As a citizen with her feet firmly planted on the left, and who has admittedly had a hard time understanding anything that goes on at the other side of the chasm, the past week has been difficult. I’ve cried angry, ugly tears. I altered my Facebook preferences to avoid seeing election news to give myself a break outside of work. As Deputy Managing Editor of The Times Record, I spent the first post-election hours of Wednesday morning selecting, editing and organizing Presidential election coverage to put onto our Nation pages. It was difficult, but when you work at a newspaper you push your feelings aside and do the work of informing the public.

My sadness may seem a bit melodramatic — or even downright silly — to those whose feet are planted firmly on the right, but that’s okay. I am more than aware that you have a hard time understanding people like me, because I know I’ve had a hard time understanding you. Maybe I can help clear up what this sadness is about, for the sake of clarity and understanding.
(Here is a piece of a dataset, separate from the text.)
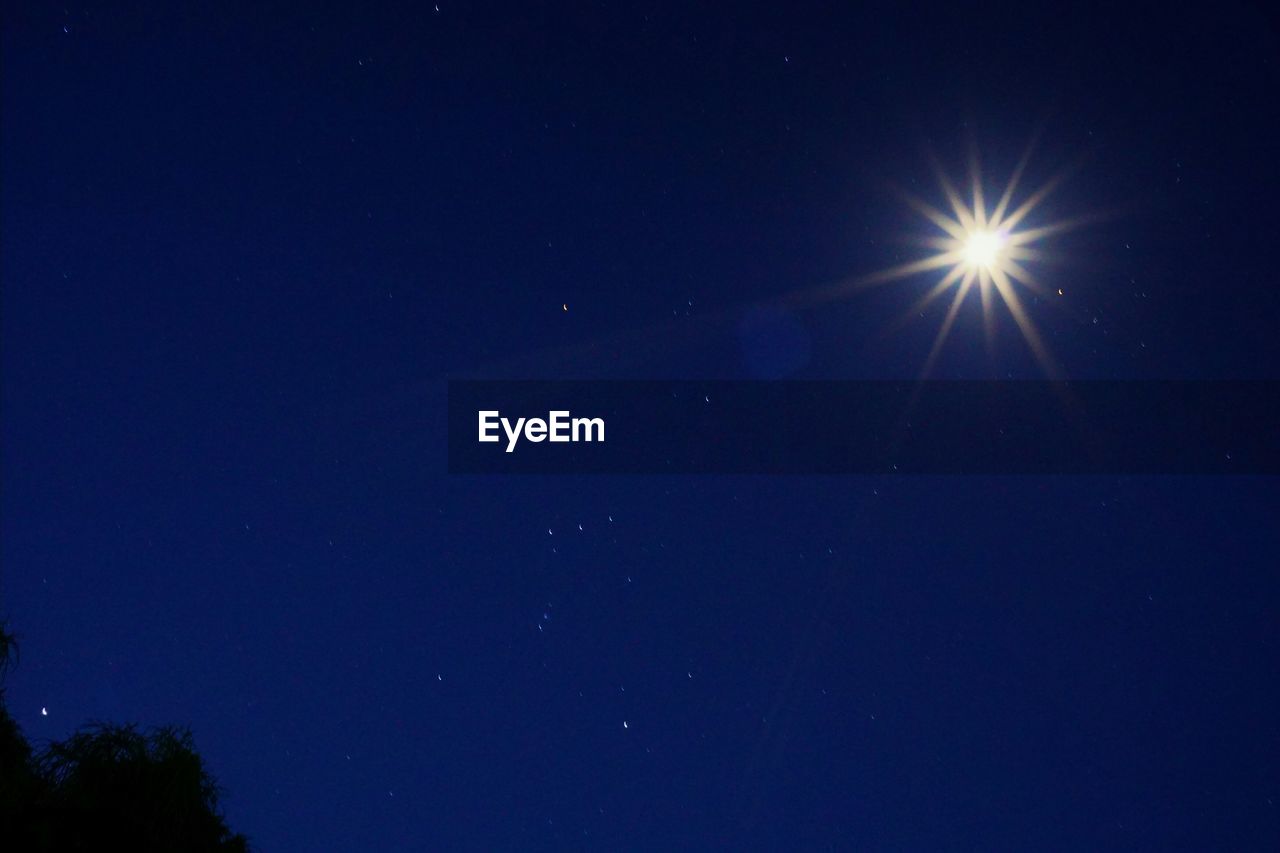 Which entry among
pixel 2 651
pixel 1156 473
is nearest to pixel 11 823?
pixel 2 651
Feminist is a dirty word to many people, but a feminist is what I am and it is something that I am proud to be. A feminist is often described as a person who believes that men and women are equals, but it also means so much more than that. It also means that I want to support and empower not only women, but all people who face discrimination, marginalization and disenfranchisement. This means that my feminism is intersectional, and that I try to recognize that each one of us faces a number of different challenges for a number of different reasons, and many of those reasons converge. My aim is to be sensitive to each of those struggles and to help fight back against the many oppressions marginalized people face.
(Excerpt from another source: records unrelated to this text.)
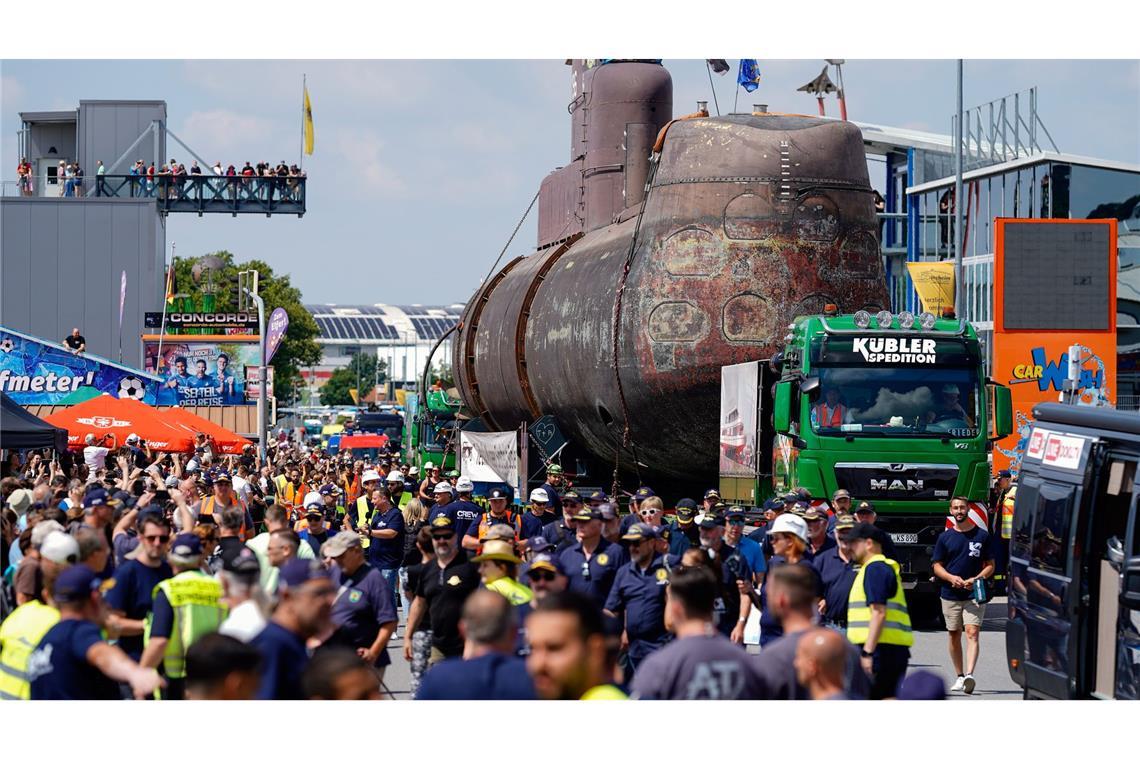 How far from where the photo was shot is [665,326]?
1972cm

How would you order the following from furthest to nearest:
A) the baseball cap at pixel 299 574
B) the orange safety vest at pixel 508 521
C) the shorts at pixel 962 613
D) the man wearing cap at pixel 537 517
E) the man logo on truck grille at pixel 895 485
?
the man logo on truck grille at pixel 895 485 < the man wearing cap at pixel 537 517 < the orange safety vest at pixel 508 521 < the shorts at pixel 962 613 < the baseball cap at pixel 299 574

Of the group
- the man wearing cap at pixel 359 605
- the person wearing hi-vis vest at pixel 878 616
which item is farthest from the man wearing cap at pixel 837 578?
the man wearing cap at pixel 359 605

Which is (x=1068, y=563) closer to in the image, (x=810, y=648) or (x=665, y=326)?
(x=810, y=648)

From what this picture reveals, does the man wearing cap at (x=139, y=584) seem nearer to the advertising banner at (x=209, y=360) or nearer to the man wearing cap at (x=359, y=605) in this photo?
the man wearing cap at (x=359, y=605)

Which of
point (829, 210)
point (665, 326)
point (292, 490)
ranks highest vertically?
point (829, 210)

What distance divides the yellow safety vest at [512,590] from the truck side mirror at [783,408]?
26.2ft

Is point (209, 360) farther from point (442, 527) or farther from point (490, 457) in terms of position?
point (442, 527)

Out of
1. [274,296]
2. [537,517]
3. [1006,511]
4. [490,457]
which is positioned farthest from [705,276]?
[274,296]

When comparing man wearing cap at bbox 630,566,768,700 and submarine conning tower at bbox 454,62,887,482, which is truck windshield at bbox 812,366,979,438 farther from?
man wearing cap at bbox 630,566,768,700

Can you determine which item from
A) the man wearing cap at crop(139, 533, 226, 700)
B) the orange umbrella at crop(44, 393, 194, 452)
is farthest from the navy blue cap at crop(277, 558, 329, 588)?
the orange umbrella at crop(44, 393, 194, 452)

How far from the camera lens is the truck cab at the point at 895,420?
56.1 feet

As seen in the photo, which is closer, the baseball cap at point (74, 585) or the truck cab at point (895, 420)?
the baseball cap at point (74, 585)

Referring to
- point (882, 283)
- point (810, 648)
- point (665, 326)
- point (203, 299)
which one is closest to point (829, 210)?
point (882, 283)

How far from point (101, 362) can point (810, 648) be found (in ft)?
89.5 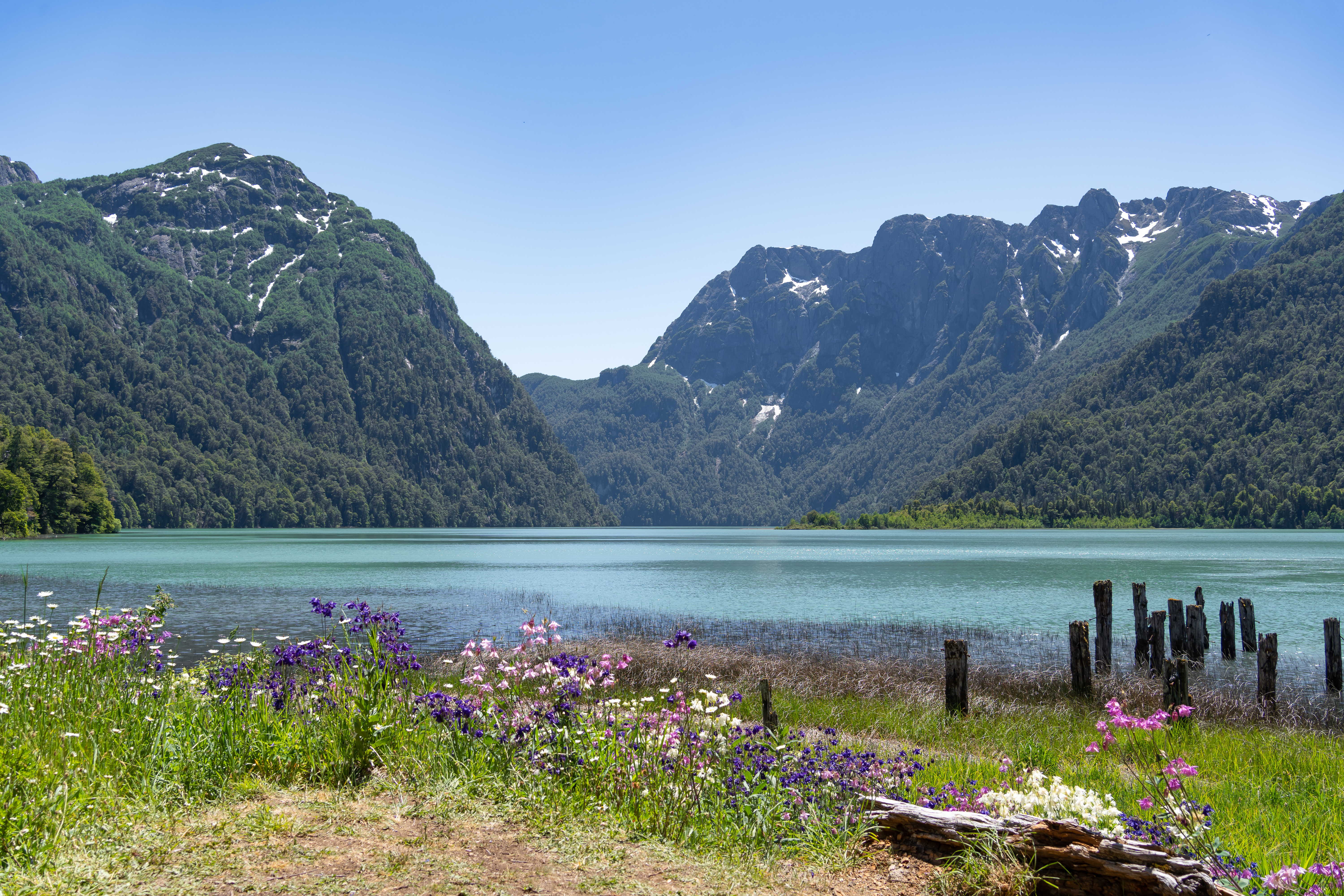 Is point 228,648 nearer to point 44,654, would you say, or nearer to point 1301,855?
point 44,654

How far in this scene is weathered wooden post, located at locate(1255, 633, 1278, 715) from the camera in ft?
65.6

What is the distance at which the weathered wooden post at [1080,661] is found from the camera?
21.5 meters

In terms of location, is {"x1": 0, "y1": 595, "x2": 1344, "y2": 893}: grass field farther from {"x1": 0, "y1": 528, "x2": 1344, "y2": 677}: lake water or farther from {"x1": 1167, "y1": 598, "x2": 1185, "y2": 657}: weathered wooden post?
{"x1": 1167, "y1": 598, "x2": 1185, "y2": 657}: weathered wooden post

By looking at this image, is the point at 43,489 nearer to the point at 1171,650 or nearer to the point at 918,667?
the point at 918,667

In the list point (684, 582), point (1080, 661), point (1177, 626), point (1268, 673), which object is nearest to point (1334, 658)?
point (1177, 626)

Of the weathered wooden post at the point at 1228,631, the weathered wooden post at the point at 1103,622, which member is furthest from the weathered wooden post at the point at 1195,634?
the weathered wooden post at the point at 1103,622

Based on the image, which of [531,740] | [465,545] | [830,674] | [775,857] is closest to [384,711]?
[531,740]

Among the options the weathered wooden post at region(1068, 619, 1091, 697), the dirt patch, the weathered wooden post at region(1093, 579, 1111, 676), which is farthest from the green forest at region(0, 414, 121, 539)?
the dirt patch

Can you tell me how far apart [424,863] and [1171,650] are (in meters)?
29.0

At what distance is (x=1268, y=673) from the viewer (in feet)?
66.3

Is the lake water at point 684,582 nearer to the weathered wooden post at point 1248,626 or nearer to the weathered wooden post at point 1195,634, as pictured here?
the weathered wooden post at point 1248,626

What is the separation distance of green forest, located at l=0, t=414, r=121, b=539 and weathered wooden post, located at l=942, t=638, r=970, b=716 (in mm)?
108483

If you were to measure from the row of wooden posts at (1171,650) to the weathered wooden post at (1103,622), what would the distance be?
2 centimetres

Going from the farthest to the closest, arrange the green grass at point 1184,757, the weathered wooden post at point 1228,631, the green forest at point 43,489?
the green forest at point 43,489 < the weathered wooden post at point 1228,631 < the green grass at point 1184,757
Maybe that can help you understand why Donald Trump is my personal nightmare. When it comes to the people who are discriminated against in our culture, Trump has insulted or threatened everybody on the list — immigrants, refugees, Muslims, women, blacks, Mexicans, LGBT people, the disabled and more — with ease, while at the same time struggling to disavow endorsement from KKK leader David Duke.

I’ve talked to a number of different people in my post-election haze — including a handful of people who voted for Trump and seemed to also want to understand what Clinton supports were so upset about. Based on these few interactions, I’ve seen that we actually do have something in common — an urge to help those who are marginalized. The trouble is, we strongly disagree about who those people actually are.

From my view, Trump supporters feel angry because they believe the voices of middle class whites have been stifled. Many of them, for the first times in their lives, are seeing the media shift attention from the struggles of straight white citizens to the struggles of minorities — whether they be refugees, gay people, black people, or anyone else who isn’t white, straight or able-bodied. This is where the mantra of “the silent majority” comes from — white people have spent some time out of the spotlight since Obama was elected, and in turn, they feel silenced. While that doesn’t mean they don’t care about minorities, it does mean their concern for minorities cools down a bit when it starts to interfere with their need to feel like the top priority.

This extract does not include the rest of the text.